Nach seinem Tod gaben seine Schüler, die sogenannten potebniancy, Vorlesungsmanuskripte, Aufzeichnungen und Vorlesungsmitschriften heraus, die seinen Nachruhm im vorrevolutionären Russland beförderten.

Potebnja war es, der bereits 1862 den Begriff der Poetizität prägte und damit der Literaturtheorie des 20. Jahrhunderts einen entscheidenden Anstoß gab. Potebnja war zeitlebens nur Spezialisten bekannt.

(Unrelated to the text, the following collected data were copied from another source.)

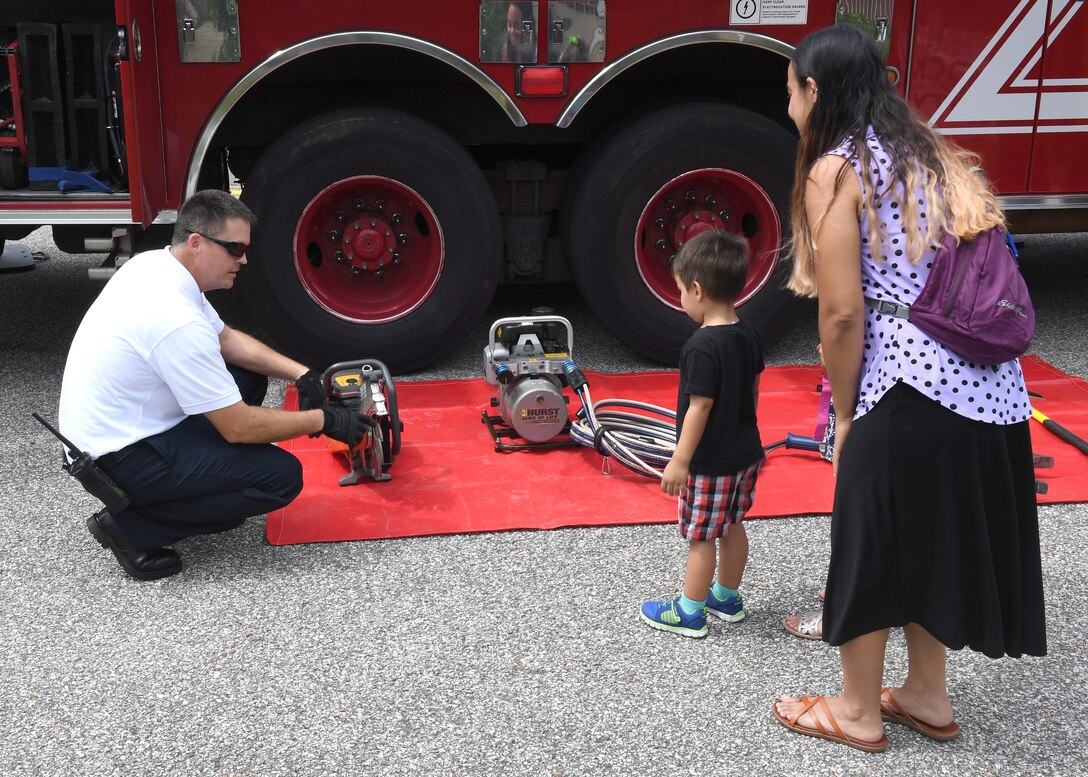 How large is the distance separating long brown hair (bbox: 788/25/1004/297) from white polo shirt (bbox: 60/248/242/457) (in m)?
1.82

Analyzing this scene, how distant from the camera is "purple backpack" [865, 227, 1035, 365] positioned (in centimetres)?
224

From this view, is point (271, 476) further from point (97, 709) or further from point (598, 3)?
point (598, 3)

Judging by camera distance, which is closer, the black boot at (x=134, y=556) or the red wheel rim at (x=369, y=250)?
the black boot at (x=134, y=556)

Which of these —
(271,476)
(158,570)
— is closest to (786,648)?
(271,476)

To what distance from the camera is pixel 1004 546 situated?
240 centimetres

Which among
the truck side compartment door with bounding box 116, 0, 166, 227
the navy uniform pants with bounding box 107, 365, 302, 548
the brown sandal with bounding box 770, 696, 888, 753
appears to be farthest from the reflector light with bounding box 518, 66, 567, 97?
the brown sandal with bounding box 770, 696, 888, 753

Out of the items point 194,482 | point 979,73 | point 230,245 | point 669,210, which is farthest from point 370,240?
point 979,73

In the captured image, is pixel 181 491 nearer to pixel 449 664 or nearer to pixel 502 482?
pixel 449 664

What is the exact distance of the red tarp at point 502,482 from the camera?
3.72 meters

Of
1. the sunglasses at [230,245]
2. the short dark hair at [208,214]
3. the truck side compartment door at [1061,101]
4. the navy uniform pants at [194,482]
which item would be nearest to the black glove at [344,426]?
the navy uniform pants at [194,482]

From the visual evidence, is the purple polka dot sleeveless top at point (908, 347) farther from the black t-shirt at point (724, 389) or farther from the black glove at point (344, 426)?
the black glove at point (344, 426)

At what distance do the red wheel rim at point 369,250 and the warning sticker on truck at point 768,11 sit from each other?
1551 mm

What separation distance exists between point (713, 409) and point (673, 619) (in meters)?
0.63

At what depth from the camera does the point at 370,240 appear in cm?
492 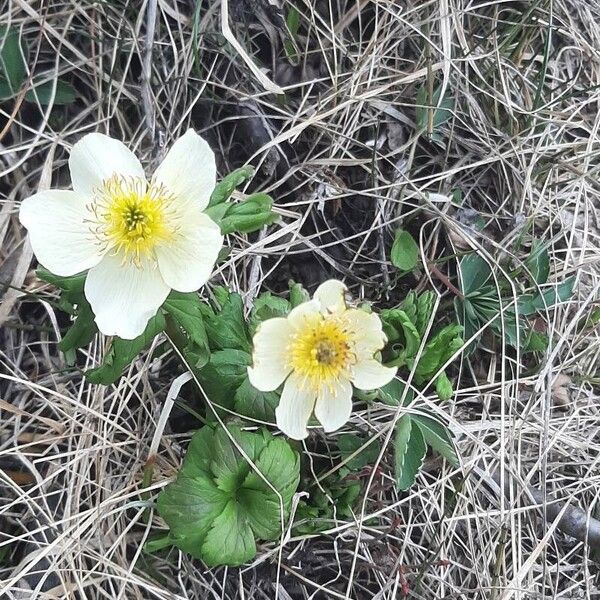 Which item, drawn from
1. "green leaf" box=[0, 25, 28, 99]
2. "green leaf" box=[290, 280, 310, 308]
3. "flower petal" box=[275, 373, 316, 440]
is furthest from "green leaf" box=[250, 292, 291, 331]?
"green leaf" box=[0, 25, 28, 99]

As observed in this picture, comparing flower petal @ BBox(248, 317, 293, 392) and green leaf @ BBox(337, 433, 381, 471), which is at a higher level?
flower petal @ BBox(248, 317, 293, 392)

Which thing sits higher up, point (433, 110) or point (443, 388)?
point (433, 110)

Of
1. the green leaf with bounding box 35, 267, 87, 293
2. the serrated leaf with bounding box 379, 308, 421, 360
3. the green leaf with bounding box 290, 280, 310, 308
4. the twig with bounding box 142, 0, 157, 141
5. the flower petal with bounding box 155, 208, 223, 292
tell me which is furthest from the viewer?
the twig with bounding box 142, 0, 157, 141

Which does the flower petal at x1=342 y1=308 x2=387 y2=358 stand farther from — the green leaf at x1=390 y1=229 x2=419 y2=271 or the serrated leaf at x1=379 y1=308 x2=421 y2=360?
the green leaf at x1=390 y1=229 x2=419 y2=271

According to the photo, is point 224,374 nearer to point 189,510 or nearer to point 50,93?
point 189,510

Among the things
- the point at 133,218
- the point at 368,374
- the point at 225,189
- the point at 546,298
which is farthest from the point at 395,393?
the point at 133,218

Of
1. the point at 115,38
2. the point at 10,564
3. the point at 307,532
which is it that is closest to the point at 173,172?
the point at 115,38

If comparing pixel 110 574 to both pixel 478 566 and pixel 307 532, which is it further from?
pixel 478 566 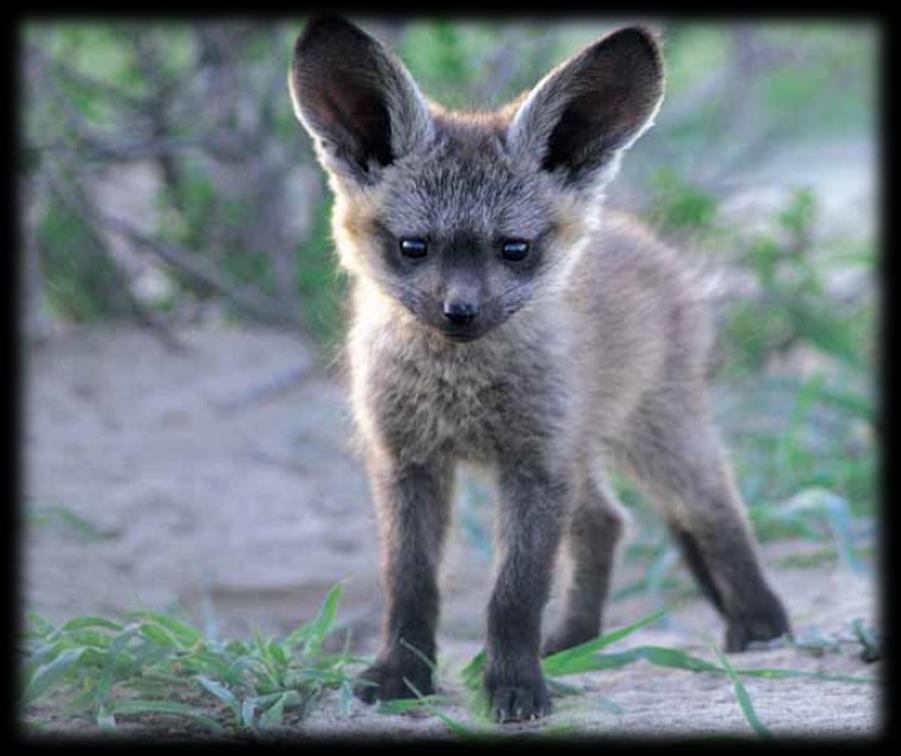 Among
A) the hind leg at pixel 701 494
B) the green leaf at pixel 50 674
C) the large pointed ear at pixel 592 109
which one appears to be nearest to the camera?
the green leaf at pixel 50 674

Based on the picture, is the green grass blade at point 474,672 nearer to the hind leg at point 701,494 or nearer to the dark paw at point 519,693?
the dark paw at point 519,693

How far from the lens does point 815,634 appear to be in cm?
478

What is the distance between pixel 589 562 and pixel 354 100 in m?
1.84

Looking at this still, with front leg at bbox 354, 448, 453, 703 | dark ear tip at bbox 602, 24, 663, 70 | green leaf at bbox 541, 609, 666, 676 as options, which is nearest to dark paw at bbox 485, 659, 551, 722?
green leaf at bbox 541, 609, 666, 676

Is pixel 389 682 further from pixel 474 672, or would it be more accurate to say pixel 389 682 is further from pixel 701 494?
pixel 701 494

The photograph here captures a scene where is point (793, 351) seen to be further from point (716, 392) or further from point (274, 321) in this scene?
point (274, 321)

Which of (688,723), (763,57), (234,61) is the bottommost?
(688,723)

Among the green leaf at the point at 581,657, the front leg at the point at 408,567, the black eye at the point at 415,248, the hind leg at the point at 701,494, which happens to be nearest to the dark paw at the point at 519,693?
the green leaf at the point at 581,657

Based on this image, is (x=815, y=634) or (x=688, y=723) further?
(x=815, y=634)

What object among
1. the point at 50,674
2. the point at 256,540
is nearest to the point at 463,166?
the point at 50,674

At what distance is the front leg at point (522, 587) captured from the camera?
3.91 m

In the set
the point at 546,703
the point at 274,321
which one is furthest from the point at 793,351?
the point at 546,703

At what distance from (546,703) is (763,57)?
311 inches

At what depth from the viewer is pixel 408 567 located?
420cm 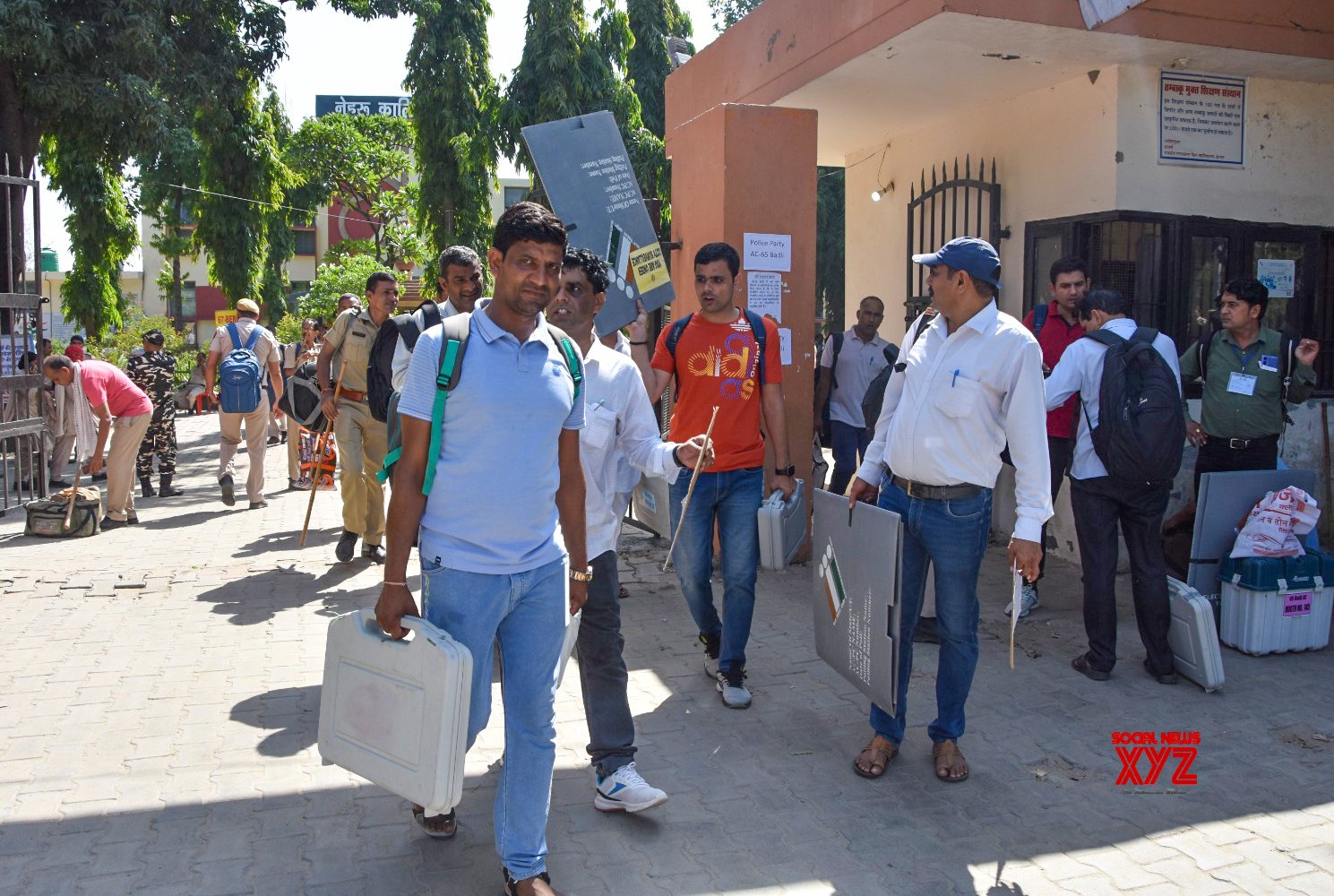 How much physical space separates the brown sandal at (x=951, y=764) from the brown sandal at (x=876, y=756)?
17 cm

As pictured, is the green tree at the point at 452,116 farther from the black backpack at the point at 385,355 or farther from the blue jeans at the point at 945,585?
the blue jeans at the point at 945,585

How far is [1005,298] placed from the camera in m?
8.09

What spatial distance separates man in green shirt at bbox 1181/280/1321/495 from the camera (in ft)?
18.6

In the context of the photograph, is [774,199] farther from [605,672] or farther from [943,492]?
[605,672]

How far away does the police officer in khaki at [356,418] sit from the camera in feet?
23.8

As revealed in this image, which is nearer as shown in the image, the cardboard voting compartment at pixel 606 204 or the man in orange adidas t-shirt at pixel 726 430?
the man in orange adidas t-shirt at pixel 726 430

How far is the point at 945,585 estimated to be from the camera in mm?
3895

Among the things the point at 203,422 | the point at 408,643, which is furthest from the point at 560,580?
the point at 203,422

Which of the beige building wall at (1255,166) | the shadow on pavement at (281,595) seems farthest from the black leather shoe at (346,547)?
the beige building wall at (1255,166)

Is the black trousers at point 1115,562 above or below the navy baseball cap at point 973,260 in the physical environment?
below

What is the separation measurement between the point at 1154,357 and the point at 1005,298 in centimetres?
322

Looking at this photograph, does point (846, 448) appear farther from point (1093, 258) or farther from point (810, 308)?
point (1093, 258)

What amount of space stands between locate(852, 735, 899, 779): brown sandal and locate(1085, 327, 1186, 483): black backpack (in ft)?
5.90

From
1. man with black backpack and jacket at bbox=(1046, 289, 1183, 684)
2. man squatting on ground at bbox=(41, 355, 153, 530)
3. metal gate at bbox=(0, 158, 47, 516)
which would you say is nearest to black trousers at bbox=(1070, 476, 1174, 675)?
man with black backpack and jacket at bbox=(1046, 289, 1183, 684) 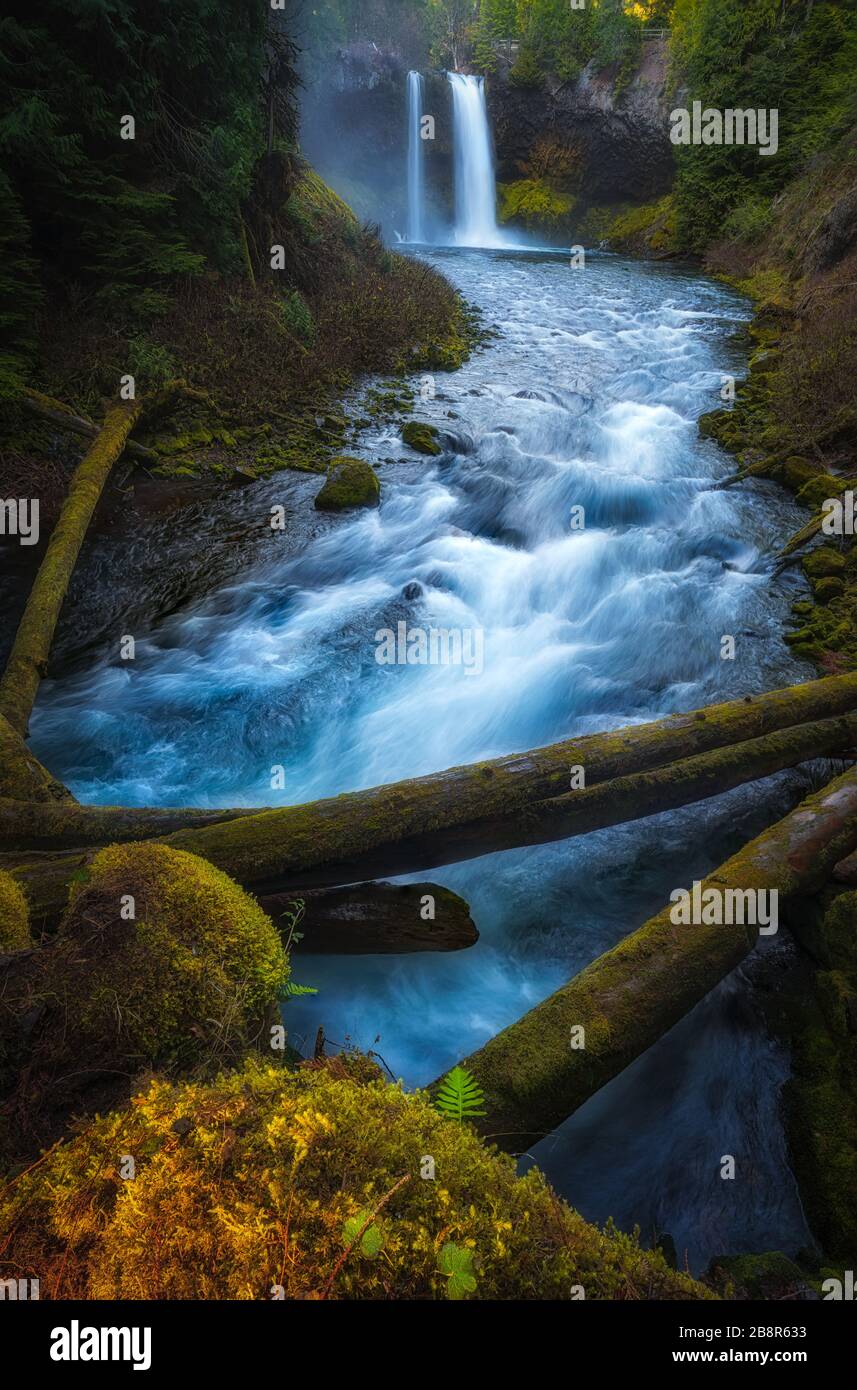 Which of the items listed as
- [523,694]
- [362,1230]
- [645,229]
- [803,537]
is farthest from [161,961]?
[645,229]

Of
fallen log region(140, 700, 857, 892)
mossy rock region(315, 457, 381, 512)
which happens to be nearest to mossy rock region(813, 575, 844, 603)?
fallen log region(140, 700, 857, 892)

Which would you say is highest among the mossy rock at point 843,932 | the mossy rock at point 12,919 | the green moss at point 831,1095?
the mossy rock at point 12,919

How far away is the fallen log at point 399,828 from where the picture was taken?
140 inches

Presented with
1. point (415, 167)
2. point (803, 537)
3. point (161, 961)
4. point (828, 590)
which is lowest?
point (161, 961)

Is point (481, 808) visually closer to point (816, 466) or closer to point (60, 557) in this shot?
point (60, 557)

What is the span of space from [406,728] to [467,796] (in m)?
3.07

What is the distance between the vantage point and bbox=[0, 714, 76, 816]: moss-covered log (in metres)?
3.96

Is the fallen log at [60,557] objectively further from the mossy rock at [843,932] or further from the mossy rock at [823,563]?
the mossy rock at [823,563]

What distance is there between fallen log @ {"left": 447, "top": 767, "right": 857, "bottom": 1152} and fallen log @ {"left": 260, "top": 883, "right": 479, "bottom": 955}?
2.70ft

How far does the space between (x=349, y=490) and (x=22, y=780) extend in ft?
24.2

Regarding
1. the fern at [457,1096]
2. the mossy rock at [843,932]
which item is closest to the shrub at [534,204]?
the mossy rock at [843,932]

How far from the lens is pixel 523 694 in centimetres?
758

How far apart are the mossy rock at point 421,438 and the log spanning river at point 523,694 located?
395 millimetres

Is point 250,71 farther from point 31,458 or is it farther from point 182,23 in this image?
point 31,458
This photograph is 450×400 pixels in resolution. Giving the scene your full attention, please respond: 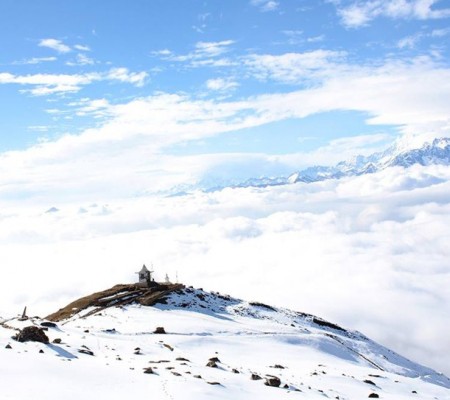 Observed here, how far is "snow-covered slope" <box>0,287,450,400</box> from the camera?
2166cm

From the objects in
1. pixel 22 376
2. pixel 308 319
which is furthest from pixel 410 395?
pixel 308 319

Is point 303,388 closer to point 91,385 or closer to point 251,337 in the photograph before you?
point 91,385

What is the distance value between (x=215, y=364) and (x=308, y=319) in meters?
60.0

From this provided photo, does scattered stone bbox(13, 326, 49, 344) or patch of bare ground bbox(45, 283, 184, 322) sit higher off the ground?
scattered stone bbox(13, 326, 49, 344)

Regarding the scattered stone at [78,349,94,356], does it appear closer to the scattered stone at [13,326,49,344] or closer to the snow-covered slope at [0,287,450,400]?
the snow-covered slope at [0,287,450,400]

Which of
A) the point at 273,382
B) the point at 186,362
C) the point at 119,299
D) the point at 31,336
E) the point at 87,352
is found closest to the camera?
the point at 273,382

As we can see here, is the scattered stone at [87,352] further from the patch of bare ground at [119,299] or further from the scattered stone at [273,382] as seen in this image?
the patch of bare ground at [119,299]

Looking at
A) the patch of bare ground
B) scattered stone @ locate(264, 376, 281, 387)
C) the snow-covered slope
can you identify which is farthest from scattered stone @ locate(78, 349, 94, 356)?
the patch of bare ground

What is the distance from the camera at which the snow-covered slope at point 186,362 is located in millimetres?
21656

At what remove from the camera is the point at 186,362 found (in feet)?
103

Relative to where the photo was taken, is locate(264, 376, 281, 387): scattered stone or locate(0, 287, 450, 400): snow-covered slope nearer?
locate(0, 287, 450, 400): snow-covered slope

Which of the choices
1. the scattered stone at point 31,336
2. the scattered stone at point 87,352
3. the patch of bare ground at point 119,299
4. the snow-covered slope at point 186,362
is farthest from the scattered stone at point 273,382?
the patch of bare ground at point 119,299

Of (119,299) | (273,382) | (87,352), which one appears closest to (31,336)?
(87,352)

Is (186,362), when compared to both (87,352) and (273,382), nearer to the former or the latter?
(87,352) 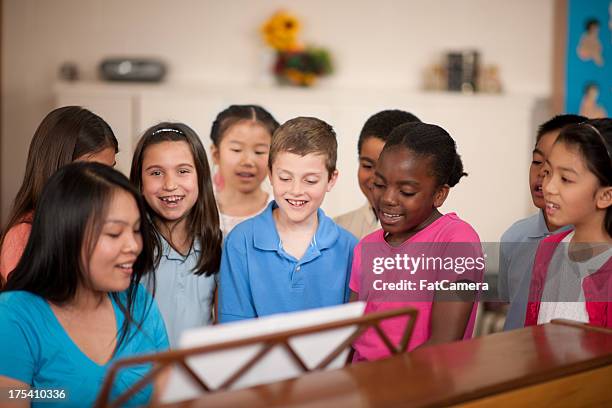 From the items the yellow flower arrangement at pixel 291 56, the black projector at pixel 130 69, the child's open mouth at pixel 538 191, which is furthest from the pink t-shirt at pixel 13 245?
the yellow flower arrangement at pixel 291 56

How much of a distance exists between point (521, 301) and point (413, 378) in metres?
0.76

Um die Jahrhundertwende jedoch, zehn Jahre nach seinem Tod, bezogen sich die russischen Symbolisten Waleri Jakowlewitsch Brjussow und Andrei Bely auf Potebnjas Überlegungen und machten die literarisch interessierte Öffentlichkeit mit ihnen vertraut, so dass auch die für die Entwicklung der internationalen Literaturtheorie bedeutsamen russischen Formalisten an seinen Schriften nicht vorbei kamen. Sie besaßen jedoch ein zwiespältiges Verhältnis zu ihm. Während sie gegen ihn und vor allem gegen seine Schüler polemisierten, übernahmen sie doch auch unter der Hand einige Ideen von ihm.[8]

Schriften (Auswahl)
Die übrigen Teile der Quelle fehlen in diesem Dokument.